▶ [DIRECTIONS FOR THIS TASK]
How many lines in the material below include the word "Woman"? Give only the number.

────────────────────────────────────────

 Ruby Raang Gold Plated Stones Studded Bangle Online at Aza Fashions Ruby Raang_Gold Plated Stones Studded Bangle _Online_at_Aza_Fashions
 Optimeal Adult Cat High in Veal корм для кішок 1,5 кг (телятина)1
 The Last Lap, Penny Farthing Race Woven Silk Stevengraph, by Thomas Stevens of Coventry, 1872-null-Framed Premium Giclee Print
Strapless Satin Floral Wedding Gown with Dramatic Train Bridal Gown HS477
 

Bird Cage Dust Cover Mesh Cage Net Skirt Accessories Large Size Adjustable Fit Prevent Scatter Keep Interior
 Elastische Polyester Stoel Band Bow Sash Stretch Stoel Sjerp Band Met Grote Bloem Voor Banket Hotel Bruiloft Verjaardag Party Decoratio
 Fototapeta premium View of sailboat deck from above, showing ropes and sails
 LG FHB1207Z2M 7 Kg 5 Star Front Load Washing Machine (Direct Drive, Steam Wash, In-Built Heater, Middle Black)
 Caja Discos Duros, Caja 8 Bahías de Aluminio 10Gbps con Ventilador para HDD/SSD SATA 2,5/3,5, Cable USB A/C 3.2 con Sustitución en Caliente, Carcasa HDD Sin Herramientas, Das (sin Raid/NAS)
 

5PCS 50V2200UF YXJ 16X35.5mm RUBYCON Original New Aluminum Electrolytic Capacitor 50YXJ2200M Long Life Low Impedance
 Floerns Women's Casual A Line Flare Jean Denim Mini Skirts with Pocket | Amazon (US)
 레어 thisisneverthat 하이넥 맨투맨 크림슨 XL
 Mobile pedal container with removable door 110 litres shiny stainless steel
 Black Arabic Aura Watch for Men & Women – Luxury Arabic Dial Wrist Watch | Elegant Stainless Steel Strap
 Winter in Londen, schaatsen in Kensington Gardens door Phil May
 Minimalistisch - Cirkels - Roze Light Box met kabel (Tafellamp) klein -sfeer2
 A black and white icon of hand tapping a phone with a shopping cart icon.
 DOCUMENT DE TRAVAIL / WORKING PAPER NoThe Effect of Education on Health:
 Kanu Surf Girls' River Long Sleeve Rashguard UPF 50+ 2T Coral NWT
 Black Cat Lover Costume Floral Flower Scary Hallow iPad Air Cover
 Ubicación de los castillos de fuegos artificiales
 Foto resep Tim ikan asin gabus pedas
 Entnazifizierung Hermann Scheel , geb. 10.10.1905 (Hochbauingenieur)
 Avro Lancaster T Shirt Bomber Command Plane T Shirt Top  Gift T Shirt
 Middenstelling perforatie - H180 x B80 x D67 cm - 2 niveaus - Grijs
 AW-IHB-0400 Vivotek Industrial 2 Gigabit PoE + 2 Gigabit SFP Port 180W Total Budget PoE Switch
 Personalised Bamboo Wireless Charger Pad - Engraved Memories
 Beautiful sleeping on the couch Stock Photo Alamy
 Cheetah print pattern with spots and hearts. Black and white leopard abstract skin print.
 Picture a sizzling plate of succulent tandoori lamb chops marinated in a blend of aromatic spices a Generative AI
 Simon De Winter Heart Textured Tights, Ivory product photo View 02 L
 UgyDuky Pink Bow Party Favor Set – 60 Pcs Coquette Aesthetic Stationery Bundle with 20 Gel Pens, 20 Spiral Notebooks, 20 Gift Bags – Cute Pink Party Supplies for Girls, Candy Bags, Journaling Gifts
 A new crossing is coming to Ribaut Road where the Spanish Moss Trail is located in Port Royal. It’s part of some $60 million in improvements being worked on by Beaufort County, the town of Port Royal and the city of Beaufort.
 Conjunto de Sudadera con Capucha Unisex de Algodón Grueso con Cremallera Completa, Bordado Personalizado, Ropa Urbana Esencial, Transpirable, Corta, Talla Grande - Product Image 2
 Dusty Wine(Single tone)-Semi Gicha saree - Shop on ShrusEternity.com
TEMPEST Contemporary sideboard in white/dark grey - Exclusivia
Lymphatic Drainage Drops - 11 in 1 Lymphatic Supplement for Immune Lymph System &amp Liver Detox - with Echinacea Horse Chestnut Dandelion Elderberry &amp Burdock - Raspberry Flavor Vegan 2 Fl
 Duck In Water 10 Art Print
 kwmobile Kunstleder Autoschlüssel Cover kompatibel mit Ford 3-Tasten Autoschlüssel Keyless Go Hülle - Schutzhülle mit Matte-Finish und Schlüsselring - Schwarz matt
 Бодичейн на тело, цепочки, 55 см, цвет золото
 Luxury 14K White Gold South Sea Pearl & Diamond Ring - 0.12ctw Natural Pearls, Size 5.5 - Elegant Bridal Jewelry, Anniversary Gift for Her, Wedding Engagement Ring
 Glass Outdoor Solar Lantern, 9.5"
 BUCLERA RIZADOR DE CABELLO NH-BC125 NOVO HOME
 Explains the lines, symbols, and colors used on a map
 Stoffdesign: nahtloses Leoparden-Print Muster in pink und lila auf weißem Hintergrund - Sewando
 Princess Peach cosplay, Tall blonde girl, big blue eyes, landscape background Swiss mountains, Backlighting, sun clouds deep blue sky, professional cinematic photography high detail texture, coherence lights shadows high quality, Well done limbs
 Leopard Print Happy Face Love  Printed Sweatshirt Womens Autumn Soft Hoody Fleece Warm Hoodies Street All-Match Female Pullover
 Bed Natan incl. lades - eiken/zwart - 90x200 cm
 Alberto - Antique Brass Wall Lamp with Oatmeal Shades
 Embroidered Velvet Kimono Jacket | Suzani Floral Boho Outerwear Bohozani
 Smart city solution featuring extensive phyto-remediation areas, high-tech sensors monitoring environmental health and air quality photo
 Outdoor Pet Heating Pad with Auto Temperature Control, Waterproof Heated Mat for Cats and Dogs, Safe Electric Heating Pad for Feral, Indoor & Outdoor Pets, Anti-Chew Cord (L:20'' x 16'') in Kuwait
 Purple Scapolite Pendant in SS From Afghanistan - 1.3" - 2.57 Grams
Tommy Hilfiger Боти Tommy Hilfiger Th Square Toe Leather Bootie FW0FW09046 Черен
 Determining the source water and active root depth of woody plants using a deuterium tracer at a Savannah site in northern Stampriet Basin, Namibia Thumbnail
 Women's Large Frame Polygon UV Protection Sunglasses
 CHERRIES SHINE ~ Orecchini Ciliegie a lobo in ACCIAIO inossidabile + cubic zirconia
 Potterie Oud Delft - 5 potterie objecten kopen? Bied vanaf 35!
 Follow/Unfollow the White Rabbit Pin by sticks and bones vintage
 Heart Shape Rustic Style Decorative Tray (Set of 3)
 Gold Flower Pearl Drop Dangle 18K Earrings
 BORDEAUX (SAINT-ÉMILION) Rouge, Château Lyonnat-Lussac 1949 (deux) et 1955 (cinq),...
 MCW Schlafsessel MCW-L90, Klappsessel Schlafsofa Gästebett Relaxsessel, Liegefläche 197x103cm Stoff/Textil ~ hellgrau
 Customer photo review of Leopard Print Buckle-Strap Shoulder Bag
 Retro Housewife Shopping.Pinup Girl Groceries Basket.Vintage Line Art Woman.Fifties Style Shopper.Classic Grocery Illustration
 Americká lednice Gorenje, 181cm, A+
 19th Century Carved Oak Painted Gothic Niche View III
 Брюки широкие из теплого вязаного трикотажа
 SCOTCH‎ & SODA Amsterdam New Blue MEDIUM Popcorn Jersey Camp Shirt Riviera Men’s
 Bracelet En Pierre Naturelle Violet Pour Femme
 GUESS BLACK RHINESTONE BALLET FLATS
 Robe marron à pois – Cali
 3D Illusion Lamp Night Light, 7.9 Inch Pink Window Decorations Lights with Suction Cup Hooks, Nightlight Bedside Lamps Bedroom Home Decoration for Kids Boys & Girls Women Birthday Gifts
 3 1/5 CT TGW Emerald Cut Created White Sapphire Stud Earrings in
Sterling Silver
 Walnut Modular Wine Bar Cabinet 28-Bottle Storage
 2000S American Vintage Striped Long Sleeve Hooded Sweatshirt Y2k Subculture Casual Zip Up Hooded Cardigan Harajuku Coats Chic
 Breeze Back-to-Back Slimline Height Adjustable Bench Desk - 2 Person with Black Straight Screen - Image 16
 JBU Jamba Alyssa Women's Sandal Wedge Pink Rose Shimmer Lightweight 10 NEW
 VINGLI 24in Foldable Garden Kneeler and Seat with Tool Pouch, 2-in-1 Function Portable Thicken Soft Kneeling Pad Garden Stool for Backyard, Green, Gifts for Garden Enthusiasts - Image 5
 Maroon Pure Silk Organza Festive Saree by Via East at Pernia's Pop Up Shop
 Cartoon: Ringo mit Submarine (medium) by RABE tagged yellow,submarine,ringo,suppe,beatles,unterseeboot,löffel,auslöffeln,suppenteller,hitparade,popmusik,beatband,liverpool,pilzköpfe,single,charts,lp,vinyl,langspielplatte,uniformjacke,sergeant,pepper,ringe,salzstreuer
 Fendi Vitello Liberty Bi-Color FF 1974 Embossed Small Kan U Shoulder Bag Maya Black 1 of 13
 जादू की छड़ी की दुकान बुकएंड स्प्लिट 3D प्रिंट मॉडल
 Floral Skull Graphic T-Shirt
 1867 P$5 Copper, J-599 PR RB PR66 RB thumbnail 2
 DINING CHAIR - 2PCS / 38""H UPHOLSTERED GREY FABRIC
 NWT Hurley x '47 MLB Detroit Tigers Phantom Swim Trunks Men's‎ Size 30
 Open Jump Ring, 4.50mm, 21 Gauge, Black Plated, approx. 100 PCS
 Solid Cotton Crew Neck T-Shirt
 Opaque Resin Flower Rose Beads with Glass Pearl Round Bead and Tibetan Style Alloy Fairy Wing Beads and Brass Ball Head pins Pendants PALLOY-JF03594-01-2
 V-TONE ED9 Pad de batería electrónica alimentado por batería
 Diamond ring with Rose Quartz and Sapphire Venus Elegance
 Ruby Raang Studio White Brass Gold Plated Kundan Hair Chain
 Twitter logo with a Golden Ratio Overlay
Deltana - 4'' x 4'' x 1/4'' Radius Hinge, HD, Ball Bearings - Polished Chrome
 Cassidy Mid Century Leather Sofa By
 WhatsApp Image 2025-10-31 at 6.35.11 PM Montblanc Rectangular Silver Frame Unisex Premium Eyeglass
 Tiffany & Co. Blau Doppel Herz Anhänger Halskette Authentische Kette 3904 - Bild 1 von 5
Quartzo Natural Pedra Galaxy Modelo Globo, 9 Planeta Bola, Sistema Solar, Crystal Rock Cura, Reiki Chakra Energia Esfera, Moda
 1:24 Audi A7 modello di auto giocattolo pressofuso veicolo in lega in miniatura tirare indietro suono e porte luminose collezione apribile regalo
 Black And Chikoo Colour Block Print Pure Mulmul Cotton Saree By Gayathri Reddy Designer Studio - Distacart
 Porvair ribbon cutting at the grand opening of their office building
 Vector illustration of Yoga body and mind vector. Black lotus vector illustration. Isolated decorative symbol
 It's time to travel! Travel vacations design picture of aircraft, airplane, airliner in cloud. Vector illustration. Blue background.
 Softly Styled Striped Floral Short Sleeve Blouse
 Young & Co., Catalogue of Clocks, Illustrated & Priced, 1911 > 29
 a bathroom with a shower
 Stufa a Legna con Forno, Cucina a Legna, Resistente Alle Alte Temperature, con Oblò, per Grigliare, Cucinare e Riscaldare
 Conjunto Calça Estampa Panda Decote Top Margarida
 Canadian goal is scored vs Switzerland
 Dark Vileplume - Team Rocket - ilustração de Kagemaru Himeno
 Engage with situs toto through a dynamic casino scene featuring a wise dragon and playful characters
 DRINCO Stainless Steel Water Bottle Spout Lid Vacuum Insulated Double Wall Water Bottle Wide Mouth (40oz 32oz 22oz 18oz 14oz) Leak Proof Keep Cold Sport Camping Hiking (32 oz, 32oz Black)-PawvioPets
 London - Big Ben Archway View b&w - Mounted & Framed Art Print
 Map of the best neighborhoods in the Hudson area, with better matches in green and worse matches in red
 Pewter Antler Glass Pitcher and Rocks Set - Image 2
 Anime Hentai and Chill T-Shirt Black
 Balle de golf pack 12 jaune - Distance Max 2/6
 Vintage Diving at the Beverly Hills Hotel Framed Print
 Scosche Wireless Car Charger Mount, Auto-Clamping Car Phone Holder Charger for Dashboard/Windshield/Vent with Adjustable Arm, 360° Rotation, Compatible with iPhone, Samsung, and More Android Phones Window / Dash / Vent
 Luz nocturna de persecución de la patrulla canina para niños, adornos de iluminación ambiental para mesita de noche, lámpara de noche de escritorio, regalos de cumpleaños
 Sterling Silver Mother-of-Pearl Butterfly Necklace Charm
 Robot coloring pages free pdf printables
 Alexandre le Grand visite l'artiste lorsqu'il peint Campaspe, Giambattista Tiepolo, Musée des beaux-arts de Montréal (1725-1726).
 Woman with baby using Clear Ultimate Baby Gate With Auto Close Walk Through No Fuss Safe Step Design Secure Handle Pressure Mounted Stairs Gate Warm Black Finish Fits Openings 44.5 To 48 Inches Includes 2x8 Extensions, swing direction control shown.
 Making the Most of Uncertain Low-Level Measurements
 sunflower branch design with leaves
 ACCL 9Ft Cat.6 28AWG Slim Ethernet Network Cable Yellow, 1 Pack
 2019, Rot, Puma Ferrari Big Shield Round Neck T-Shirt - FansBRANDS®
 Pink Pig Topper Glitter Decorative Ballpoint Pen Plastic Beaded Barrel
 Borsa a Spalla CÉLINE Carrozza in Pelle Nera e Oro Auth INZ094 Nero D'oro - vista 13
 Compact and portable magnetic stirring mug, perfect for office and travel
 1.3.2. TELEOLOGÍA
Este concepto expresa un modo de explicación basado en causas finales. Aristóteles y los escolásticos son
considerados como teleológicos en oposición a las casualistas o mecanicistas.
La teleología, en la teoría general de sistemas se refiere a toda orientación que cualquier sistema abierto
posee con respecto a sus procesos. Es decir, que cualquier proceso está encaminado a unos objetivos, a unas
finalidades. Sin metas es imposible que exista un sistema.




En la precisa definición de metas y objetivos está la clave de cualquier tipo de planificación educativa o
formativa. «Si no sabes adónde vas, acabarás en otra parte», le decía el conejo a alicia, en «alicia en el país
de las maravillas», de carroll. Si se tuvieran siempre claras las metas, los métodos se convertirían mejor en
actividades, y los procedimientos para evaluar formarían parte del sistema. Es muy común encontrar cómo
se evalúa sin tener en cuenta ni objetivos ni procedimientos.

────────────────────────────────────────

▶ [THE COMPLETED TASK]
2